As for post-anime, I still maintain the opinion that the real difference’s that post-anime looks up to Western comics and animation for inspiration, especially as a viable alternative now that Japanese anime and comics are gone. If Japan is the hub for anime, could China be the hub for Oriental post-anime? (One wonders if Nigeria and Kenya might be the new African hubs for animation.)

It seems if Anno and his ilk were to be believed, Japanese anime might not be around forever and sometimes anime’s best replacements are from Japan’s immediate neighbours.

The Substitutes

I think if a mangaka were to say anime’s real decline’s partly due to sexualising youngsters a lot, there’s also somethings like children being highly impressionable and the love map where one’s paraphilia or preference begins. If believed to be true, let’s not also forget that almost any adaptation of Charlie and the Chocolate Factory’s partly responsible for causing somebody’s inflation paraphilia. Among other things for better or worse.

The problem with a lot of anime at this point’s that they’re increasingly not at all aimed at younger children. It’s not necessarily wrong to have younger characters but when youth’s so often sexualised it can be dubious. (Especially once we get to things like wanting to be powerful and legal laws.) Said mangaka might move elsewhere to the Philippines and influence another lad to do the same.

Perhaps alarmingly enough, since third world countries are already beginning to make their own animations en masse I have a feeling the next Naruto might be Ghanaian. This is a logical possibility as even some African countries are already putting effort in it. Cameroon can claim Aurion, Ghana and Kenya both have Leti Arts, South Africa’s got Supa Strikas, Nigeria has Bino and Fino, Cote d’Ivoire has Aya de Youpougon and Uganda’s got Katoto.

Even the Philippines has its own animations lately. If anime declines, its legacy will live on elsewhere.

The future is post-anime

I still think if anime were to die soon and some will say this, some fans will not like it. But a more damning possibility’s that Japanese anime might be replaced by the very countries’ industries aping it to death. There might even be a generation of Southeast Asian cartoonists whose styles closely mimic their Japanese counterparts.

They might even take over said Japanese IPs. This was already been done to King of Fighters now that it’s owned by a Chinese company. Conversely speaking, some Japanese anime studios do have Southeast Asian branches so there’s a frighteningly good chance that their influence is continued and sustained elsewhere.

But a stranger one’s that Western science fiction stories might become possibly post-anime IP franchises. Whilst Lensman did get an anime adaptation before, it’s another if Dune got an anime adaptation. It’s not that Dune hasn’t been adapted to film before. But that it or any other science fiction property might inspire a post-anime adaptation now that anime’s gone.

It’s not that there won’t be any more anime and manga but in the future a lot of it will be produced and continued outside of Japan. KOF’s already being produced by a Chinese company, this should give an idea of where post-anime’s heading. That and even the Philippines are making their own anime so there’s that.

The three powers

Whilst I think Western influences may’ve been a part of anime since its early days, I think post-anime might be marked by looking up to Western animation as a viable alternative now that anime’s gone. I think even a mangaka might say this and get flack for it. Others have said similar things before too.

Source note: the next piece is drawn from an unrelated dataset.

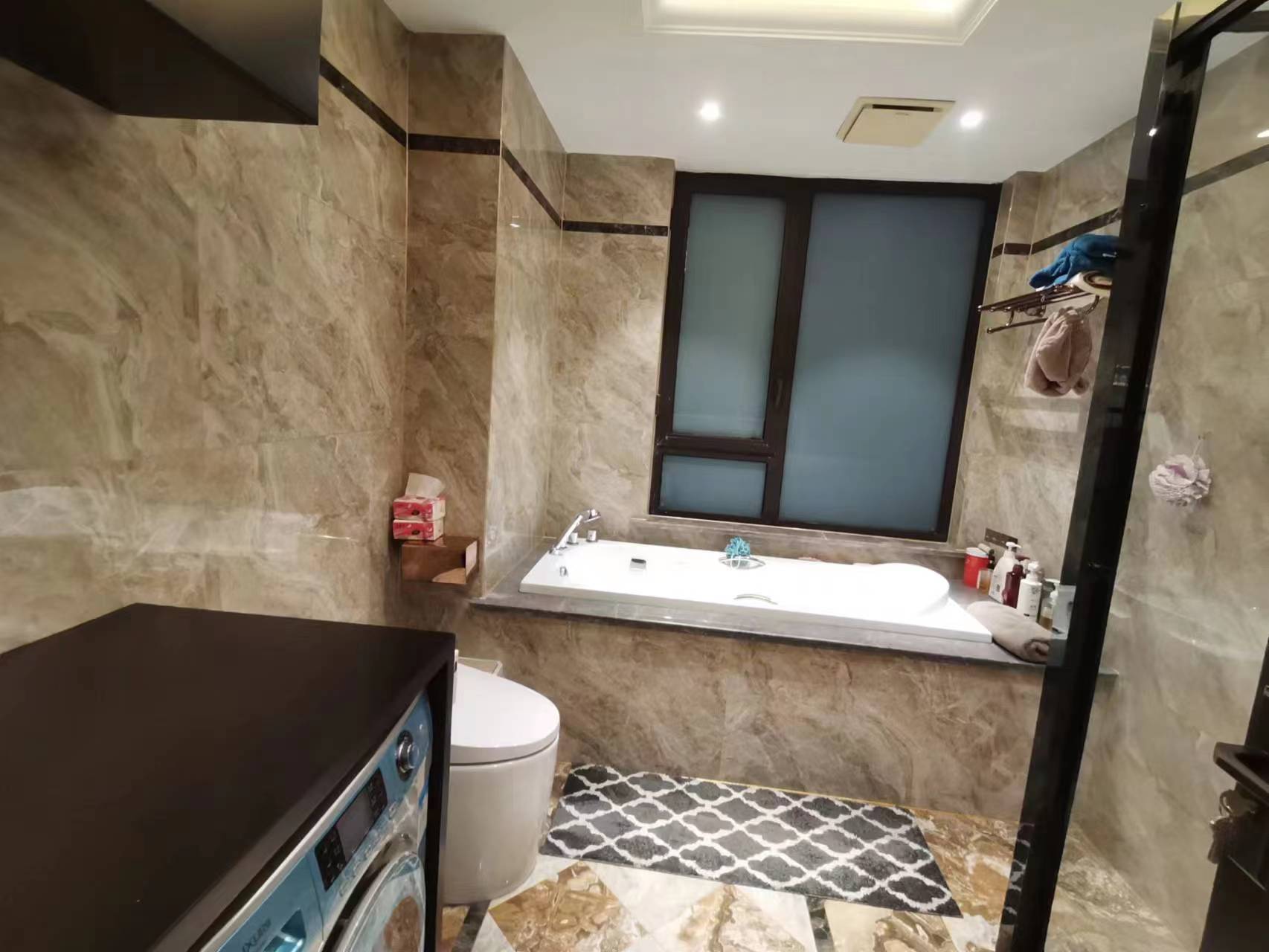 星光耀广场 5室2厅4卫 226.00m&sup2;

I even said that American animation might become the new hub of adult animation just as China and India are the new Asian animation hubs. It’s not that anime franchises will be entirely gone but I have a feeling they’d be handed to non-Japanese countries for survival. Rao help if Gundam flourishes in China.

Or if Philippine cartoonists can convincingly mimic the Japanese counterparts they’re influenced by. As for America, given there’s a growing adult animation industry I think it’s the best replacement for anime when it comes to appealing to adult viewers. China and India would the best replacements for Japan overall.

Though that would mean anime’s legacy, if the anime industry were to die at all, would have to survive elsewhere.